▸ Information provided
▬▬▬
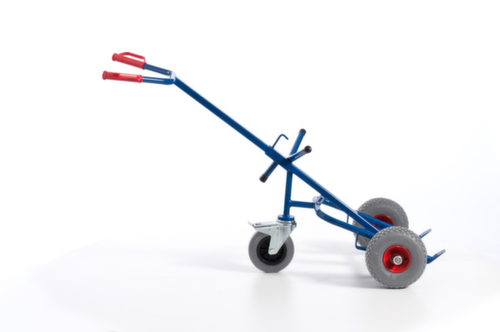 Variofit Fasskarre mit Stützrad für 200l Fässer Luft oder Gummi 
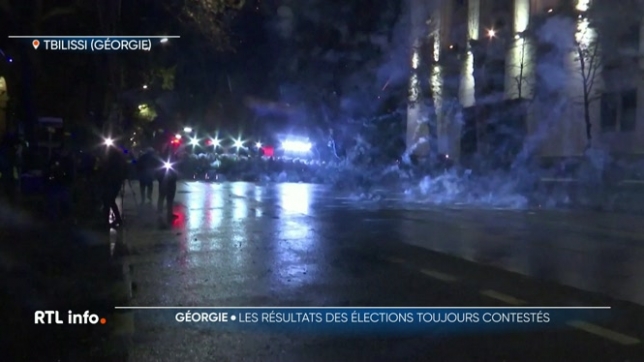 Manifestation en Géorgie pour dénoncer le résultat des élections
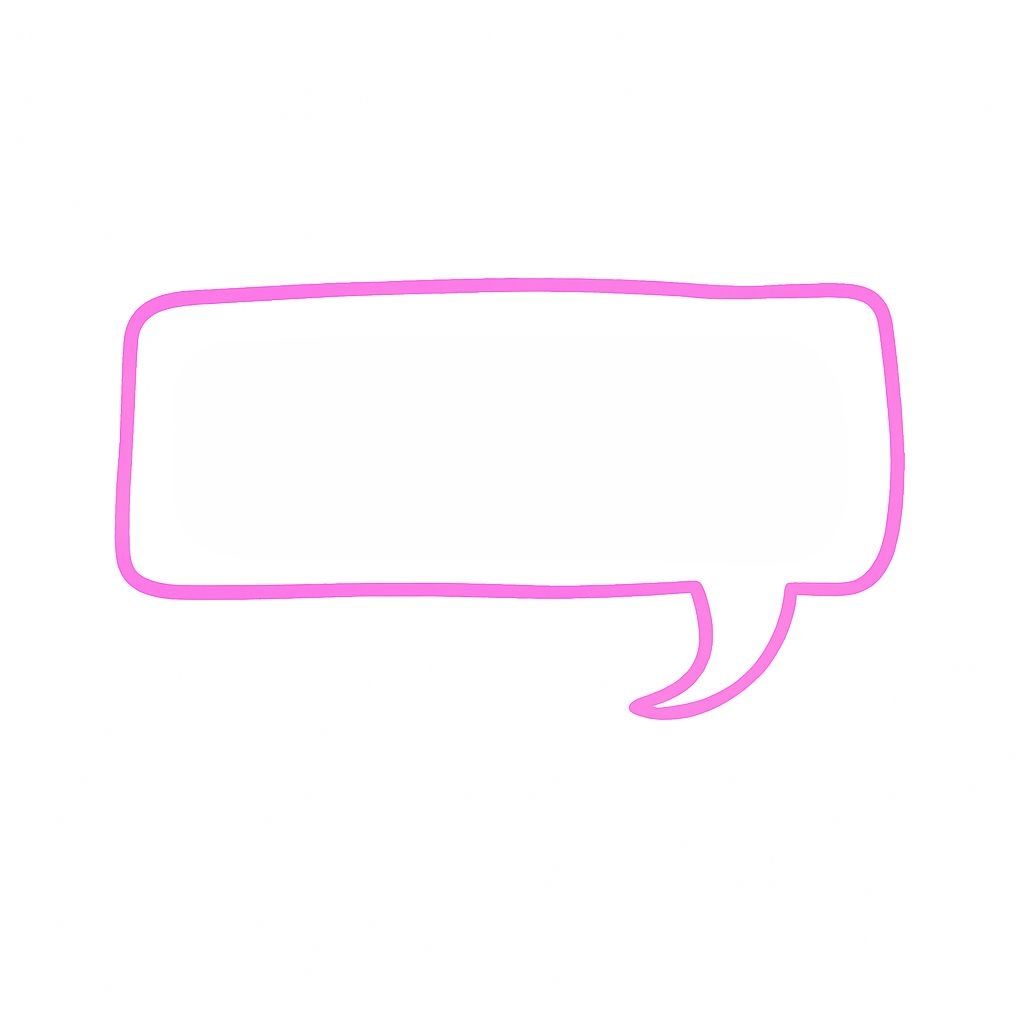 Bold Magenta Minimalist Speech Bubble Outline Sticker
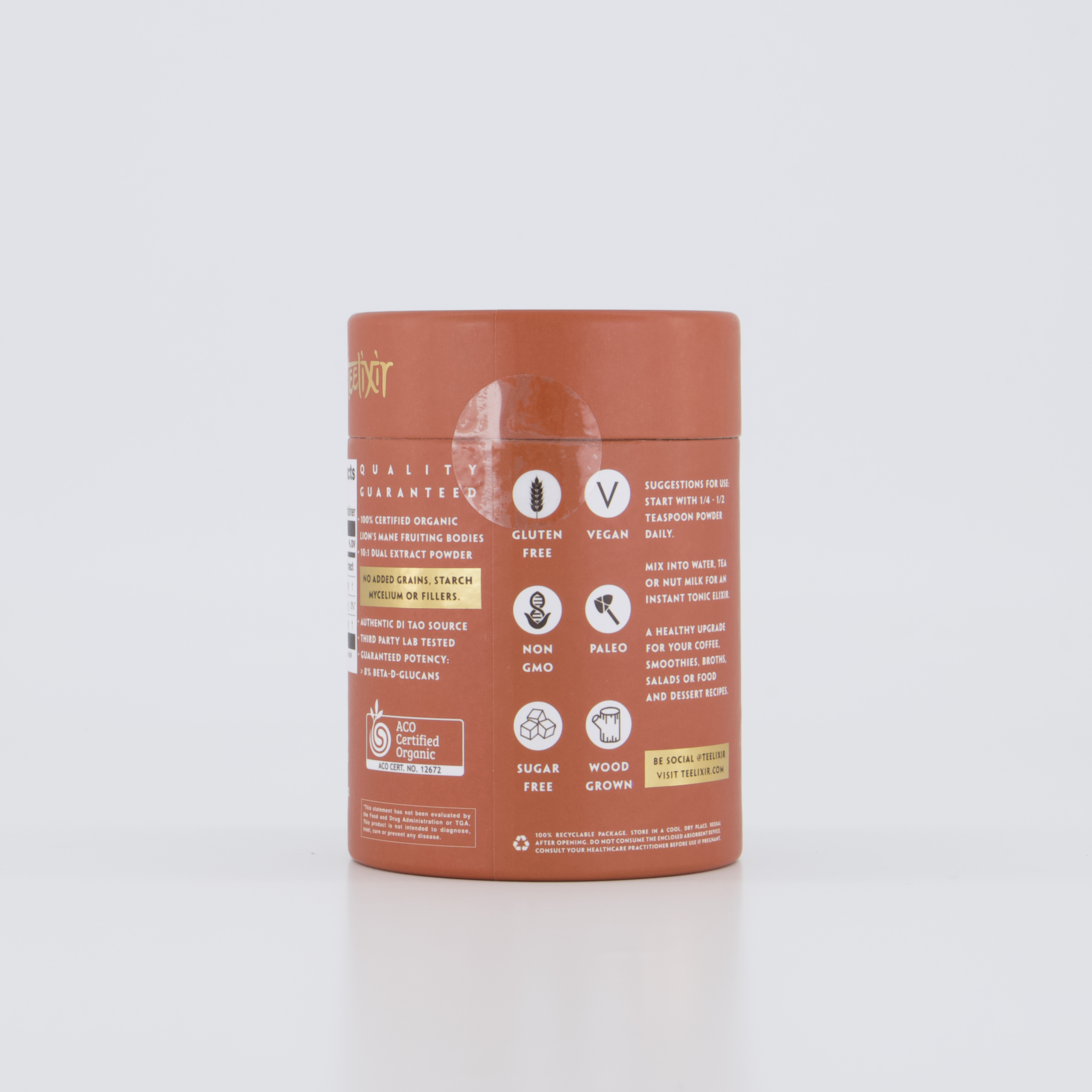 Vitamins & Supplements: Teelixir Organic Lion's Mane Mushroom 50g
▬▬▬
▸ Brief
Restate the data word for word while omitting each picture.

▸ Task answer
 Variofit Fasskarre mit Stützrad für 200l Fässer Luft oder Gummi 
 Manifestation en Géorgie pour dénoncer le résultat des élections
 Bold Magenta Minimalist Speech Bubble Outline Sticker
 Vitamins & Supplements: Teelixir Organic Lion's Mane Mushroom 50g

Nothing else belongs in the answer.